2. In a complaint by a corporation against its directors on the theory of conspiracy to defraud, the facts constituting the fraudulent dealing must be alleged with sufficient specificity to show a relation to identifiable transactions. Mere conclusions with no showing of a basis of fact are insufficient. Only after this statutory requirement is met can the rule be applied that the complaint will not be dismissed unless it appears that the plaintiff would not be entitled to relief under any state of facts that could be proved to support the claim.

The appellant corporation sued its defendant directors for damages based on their alleged fraud and breach of fiduciary obligations to it. A motion to dismiss for failure to state a claim and a motion for more definite statement were filed; the plaintiff amended and grounded its claim on the averments that between 1958 and 1965 the defendants conspired together to exploit the plaintiff's corporate assets for their personal benefit; that properties owned by the defendants were sold to the plaintiff at grossly inflated prices; that they wrongfully realized substantial profits at the expense of the plaintiff; that they regularly received salaries and other compensation for which no services were rendered; that through the use of dummy corporations, strawmen and other individuals and organizations unknown to plaintiff they purchased parcels of real estate and resold them to plaintiff at grossly inflated prices; that they sold property owned by the plaintiff to other corporations, organizations and individuals at prices much less than their true value in order to benefit themselves individually, that they misrepresented the true facts surrounding their purchases and sales to the plaintiff and its stockholders and that these fraudulent misrepresentations of the facts and circumstances surrounding the purchase and sale of real estate were in violation of their fiduciary duty and obligations to plaintiff's shareholders and constituted fraud. The court sustained the motion for dismissal on the pleadings. The dual appeal was necessitated by the fact that orders taken as to various defendants were sustained on separate dates.

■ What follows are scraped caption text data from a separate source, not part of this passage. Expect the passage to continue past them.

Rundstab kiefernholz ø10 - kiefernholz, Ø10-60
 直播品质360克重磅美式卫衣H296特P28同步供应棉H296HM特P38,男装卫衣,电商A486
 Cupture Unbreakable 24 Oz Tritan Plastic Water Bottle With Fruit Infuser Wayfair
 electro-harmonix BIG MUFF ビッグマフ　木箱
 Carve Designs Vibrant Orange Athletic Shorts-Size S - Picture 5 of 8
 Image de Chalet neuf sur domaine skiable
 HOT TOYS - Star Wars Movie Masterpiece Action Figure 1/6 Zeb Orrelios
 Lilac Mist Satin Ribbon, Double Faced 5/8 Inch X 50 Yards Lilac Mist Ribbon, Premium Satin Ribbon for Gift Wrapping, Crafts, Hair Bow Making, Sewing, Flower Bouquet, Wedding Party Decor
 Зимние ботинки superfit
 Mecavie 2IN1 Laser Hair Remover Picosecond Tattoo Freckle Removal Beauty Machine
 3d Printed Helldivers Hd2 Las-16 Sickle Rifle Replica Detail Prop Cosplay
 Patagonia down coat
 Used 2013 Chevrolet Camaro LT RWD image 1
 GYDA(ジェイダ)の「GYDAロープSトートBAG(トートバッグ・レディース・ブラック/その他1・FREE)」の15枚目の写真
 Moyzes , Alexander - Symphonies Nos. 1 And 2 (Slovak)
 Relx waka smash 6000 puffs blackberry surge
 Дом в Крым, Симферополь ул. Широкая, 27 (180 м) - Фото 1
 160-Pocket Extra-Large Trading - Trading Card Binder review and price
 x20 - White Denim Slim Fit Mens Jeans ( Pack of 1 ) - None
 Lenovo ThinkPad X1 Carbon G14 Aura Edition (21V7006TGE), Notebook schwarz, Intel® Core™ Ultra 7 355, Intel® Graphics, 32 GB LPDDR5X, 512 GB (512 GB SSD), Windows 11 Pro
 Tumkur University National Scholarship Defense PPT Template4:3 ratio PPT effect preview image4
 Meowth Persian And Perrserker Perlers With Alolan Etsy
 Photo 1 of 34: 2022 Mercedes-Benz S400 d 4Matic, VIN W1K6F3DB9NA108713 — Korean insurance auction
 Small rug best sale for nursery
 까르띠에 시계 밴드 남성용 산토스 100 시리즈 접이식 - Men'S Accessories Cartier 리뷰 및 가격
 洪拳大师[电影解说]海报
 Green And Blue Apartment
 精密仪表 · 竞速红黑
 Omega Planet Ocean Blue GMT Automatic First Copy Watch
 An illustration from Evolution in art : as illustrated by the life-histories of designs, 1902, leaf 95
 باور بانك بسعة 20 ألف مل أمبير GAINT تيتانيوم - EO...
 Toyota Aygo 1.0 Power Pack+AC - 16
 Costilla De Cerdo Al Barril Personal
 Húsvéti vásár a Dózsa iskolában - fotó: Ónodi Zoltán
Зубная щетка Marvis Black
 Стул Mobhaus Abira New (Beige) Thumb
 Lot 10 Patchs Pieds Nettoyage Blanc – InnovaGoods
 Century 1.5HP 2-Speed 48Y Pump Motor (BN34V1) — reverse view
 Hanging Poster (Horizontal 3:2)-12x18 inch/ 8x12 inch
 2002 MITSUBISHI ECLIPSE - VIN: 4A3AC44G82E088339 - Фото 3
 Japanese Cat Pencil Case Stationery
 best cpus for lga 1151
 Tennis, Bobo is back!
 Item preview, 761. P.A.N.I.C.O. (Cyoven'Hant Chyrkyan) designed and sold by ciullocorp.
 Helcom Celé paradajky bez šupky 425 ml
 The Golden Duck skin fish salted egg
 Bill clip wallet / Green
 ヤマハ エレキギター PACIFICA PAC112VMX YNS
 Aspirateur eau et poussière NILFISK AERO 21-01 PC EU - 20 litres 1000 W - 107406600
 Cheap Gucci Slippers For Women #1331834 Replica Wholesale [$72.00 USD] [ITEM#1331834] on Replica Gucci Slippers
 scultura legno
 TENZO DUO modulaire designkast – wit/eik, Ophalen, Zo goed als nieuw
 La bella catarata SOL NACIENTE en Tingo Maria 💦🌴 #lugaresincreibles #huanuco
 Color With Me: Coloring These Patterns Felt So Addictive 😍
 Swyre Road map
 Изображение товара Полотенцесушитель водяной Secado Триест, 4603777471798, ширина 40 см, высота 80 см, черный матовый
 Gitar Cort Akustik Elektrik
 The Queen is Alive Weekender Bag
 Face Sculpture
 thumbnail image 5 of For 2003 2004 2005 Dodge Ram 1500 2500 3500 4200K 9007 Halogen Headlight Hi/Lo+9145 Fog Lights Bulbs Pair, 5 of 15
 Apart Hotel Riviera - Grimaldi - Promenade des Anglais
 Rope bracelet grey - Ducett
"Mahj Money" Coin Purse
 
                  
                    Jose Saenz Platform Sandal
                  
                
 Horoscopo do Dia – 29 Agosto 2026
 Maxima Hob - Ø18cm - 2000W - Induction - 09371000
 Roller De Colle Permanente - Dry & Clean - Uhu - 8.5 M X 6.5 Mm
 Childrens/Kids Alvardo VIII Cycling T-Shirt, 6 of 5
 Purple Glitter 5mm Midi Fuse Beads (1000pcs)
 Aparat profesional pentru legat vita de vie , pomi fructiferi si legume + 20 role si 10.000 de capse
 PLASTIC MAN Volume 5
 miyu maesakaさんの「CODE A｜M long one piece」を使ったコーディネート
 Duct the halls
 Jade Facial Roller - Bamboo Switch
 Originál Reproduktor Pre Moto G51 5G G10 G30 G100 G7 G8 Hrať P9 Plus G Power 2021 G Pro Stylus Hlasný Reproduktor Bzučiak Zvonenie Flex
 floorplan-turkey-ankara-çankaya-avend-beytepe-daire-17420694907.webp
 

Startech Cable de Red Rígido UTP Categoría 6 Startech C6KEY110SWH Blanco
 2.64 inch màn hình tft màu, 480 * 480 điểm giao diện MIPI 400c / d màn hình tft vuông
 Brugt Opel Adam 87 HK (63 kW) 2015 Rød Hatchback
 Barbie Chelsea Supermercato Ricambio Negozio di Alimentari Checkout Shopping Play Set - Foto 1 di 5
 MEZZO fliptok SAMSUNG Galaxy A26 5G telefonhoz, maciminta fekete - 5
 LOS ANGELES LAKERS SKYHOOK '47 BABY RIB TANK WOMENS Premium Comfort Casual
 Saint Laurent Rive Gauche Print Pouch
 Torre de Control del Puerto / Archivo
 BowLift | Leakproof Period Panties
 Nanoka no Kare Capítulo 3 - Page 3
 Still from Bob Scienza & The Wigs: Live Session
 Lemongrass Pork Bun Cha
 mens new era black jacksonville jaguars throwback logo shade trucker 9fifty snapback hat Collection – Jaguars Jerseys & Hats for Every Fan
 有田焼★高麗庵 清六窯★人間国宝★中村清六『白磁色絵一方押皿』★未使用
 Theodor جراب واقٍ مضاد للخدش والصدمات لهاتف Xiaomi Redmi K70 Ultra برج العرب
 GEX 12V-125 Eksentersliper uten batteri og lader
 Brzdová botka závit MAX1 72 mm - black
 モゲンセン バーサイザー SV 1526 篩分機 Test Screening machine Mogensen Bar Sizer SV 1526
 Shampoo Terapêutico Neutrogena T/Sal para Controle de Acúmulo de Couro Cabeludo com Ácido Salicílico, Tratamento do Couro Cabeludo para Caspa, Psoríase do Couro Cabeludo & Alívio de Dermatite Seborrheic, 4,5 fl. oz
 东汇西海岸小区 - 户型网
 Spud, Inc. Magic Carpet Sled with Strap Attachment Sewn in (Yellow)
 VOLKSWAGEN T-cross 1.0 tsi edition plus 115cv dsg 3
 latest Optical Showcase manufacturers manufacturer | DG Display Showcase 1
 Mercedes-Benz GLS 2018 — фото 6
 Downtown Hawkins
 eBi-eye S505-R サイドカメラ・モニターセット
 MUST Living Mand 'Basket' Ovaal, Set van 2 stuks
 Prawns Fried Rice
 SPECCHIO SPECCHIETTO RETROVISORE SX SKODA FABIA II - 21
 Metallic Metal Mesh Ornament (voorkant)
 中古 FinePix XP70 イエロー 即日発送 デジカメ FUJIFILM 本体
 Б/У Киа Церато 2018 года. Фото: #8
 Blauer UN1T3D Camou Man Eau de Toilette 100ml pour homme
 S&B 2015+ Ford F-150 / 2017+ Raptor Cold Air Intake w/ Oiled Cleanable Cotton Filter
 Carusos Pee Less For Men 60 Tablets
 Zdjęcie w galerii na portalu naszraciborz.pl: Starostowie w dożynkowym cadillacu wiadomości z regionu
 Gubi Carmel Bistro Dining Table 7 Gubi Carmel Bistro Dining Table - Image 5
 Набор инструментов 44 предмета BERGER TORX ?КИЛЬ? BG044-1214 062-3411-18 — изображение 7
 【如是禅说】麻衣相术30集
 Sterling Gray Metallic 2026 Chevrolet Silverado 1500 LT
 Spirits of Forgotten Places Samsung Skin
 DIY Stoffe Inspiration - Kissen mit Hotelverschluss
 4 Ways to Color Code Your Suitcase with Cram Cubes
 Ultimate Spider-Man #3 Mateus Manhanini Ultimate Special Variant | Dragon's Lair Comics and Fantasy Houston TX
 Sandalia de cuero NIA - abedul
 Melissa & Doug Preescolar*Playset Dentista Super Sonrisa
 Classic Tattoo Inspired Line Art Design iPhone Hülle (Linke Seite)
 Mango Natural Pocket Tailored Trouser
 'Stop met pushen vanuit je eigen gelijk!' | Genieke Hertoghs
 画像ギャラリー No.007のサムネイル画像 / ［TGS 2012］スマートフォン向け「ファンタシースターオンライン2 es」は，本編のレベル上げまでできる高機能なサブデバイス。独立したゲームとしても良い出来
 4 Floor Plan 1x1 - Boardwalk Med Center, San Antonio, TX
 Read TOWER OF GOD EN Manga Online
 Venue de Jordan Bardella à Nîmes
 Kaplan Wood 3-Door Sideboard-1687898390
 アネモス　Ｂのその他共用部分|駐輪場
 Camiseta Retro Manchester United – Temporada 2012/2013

Peek, Whaley & Haldi, Glenville Haldi, J. Robert Hardcastle, Atlanta, for appellant.

Arnall, Golden & Gregory, Cleburne E. Gregory, Jr., Alexander Cocalis, Elliott H. Levitas, Jones & Somers, John Paul Jones, Sam G. Dettelbach, Atlanta, for appellees.

DEEN, Judge.

1. Defendants have moved to dismiss the appeal in this court in Case No. 46181 on the ground that an unreasonable time elapsed between the mailing by the clerk of the trial court of a second bill for costs (the initial bill having been paid and additional costs having accrued thereafter) payment for which latter was not received until thirteen days after the billing date. The trial court may only dismiss on such a motion when there has been 'an unreasonable delay in the transmission of the record to the appellate court, and it is seen that such delay was inexcusable and was caused by the failure of a party to pay costs in the trial court.' Code Ann. § 6-809(b). The statute does not indicate what amount of delay will be adjudged unreasonable and inexcusable, but this is a rule for the benefit of the appellate court and the length of time involved to reach such result must be presumed within its discretion under the circumstances of the case. It has been suggested in our previous decisions that a delay of over thirty days may prima facie be so considered. Jones v. State, 123 Ga.App. 672, 182 S.E.2d 190; Lake Spivey Parks, Inc. v. Jones, 118 Ga.App. 60(1b), 162 S.E.2d 801. In considering whether a period of less than thirty days is unreasonable and inexcusable, this court must consider the incidence of weekends and nonjuridical days, the time consumed by mailing the bill until its receipt and mailing payment, and perhaps other extenuating circumstances if they are made to appear. The motion to dismiss is denied.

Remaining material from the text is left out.